Hey all! I am new here and this site has been recommended by a friend of mine. I have been given a Math problem to solve but since I haven't had any Math practice for some years now and since this stuff is way out of my reach, I thought I would turn to you guys! If someone can help I would really appreciate it!
So, here is the problem:
To find the real root of the equation of 5th degree as below
x^5 -13.R^2.x^4 +63.R^4.x^3 -140.R^6.x^2 +140.R^8.x -49.R^10 =0 (1)
The real roots are three:
X1 = R^2. [3- sq.rt.2] = 1.5857865
X2 = R^2. [3+ sq.rt.2] = 4.4142135
X3 = R^2. [a + b.sqrt.2 +c.sqrt.3 + d.sqrt.6] = 0.753020375967
X4 = 2.445
X5 = 3.802
Setting X1, X2 in equation (1) then we have equation (1a) as:
E^3 - 7.E^2 + 14.E -7 = 0
with roots as above (X3, X4, X5)
By setting E=Ψ + 7/3 in equation (1a) then we have equation (1b) as:
ψ^3 - [7/3].ψ + [7/27] = 0
with the three roots:
ψ1 = -1.5857
ψ2 = 0.11151
ψ3 = 1.46849
So, I know this equation is solved (the roots are given there) but what I'm looking for is the trigonometric method. Specifically, I am trying to confirm the answer given for root X3 = 0.753......

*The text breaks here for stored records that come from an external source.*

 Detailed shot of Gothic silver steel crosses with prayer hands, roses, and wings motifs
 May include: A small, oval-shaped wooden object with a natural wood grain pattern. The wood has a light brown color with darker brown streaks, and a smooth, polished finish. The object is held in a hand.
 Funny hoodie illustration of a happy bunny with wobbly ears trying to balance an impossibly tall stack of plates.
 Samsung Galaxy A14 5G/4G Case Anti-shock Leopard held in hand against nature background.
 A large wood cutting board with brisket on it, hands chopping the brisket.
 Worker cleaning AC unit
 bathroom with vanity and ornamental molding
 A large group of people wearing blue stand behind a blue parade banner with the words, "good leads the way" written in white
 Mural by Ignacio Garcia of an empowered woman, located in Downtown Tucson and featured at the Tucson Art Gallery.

Could someone help me reach the answer for X3 using the equation (1b) ? I would be very grateful to anyone who can show me the method to do so. Also, the person who has the problem said is trying to solve it trigonometrically (and not algebraically - if that makes any sense to you guys!) and that the answer he is looking for is not in the form 0.753...... but rather contains roots and fractions and is rather long (compared to a few decimals!).
Many thanks in advance! I hope someone understands what I'm talking about and can help me! Thanks!